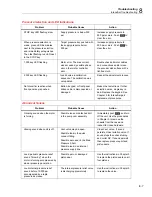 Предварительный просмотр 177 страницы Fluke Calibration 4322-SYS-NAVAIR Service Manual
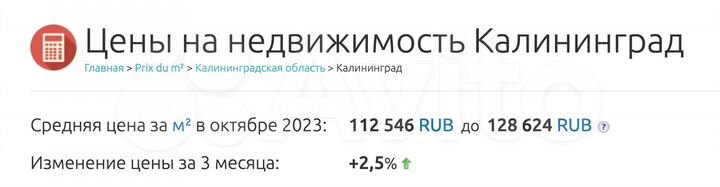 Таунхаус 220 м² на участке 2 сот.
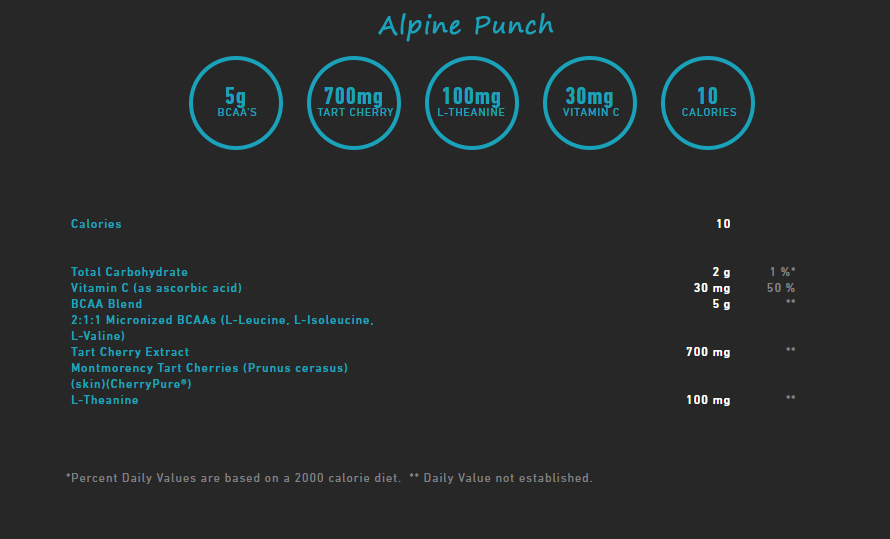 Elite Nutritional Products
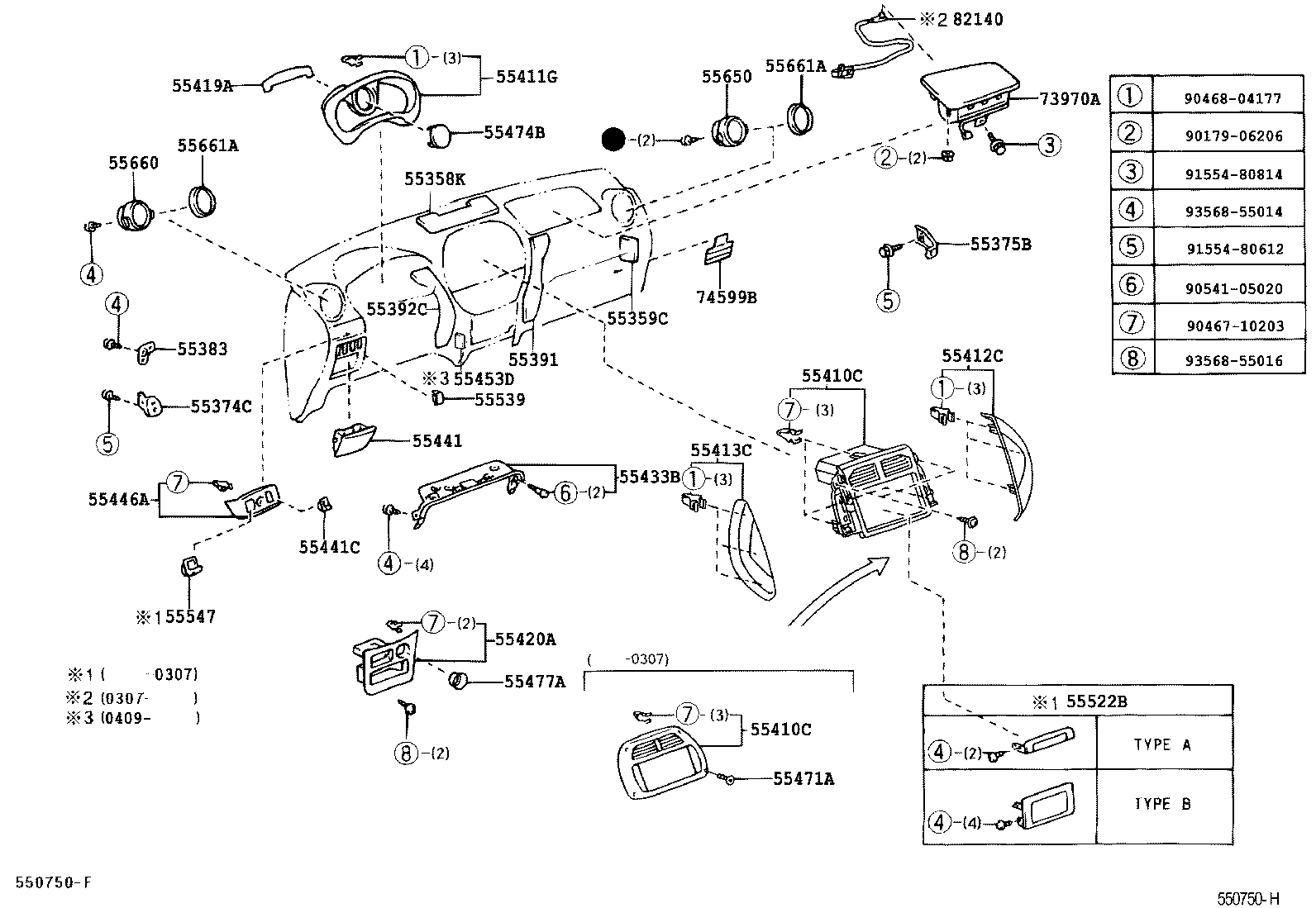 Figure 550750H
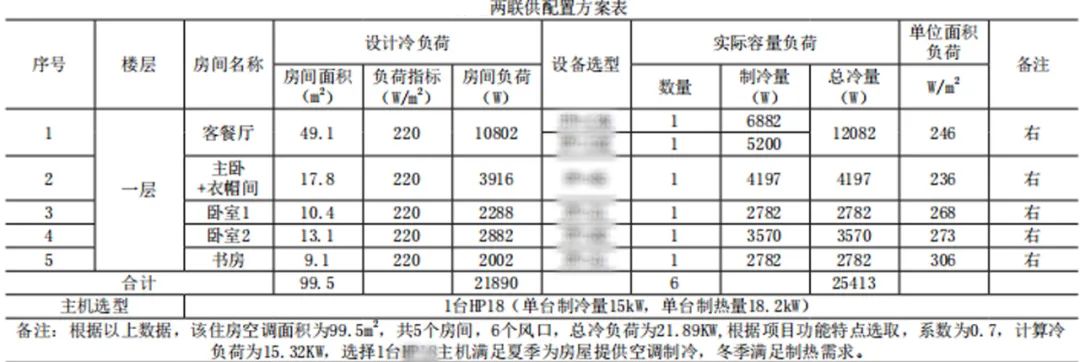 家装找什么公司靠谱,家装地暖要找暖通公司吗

Exercise objective => The material above is to be output exactly, with each picture left out.

Result of this exercise =>
 Предварительный просмотр 177 страницы Fluke Calibration 4322-SYS-NAVAIR Service Manual
 Таунхаус 220 м² на участке 2 сот.
 Elite Nutritional Products
 Figure 550750H
 家装找什么公司靠谱,家装地暖要找暖通公司吗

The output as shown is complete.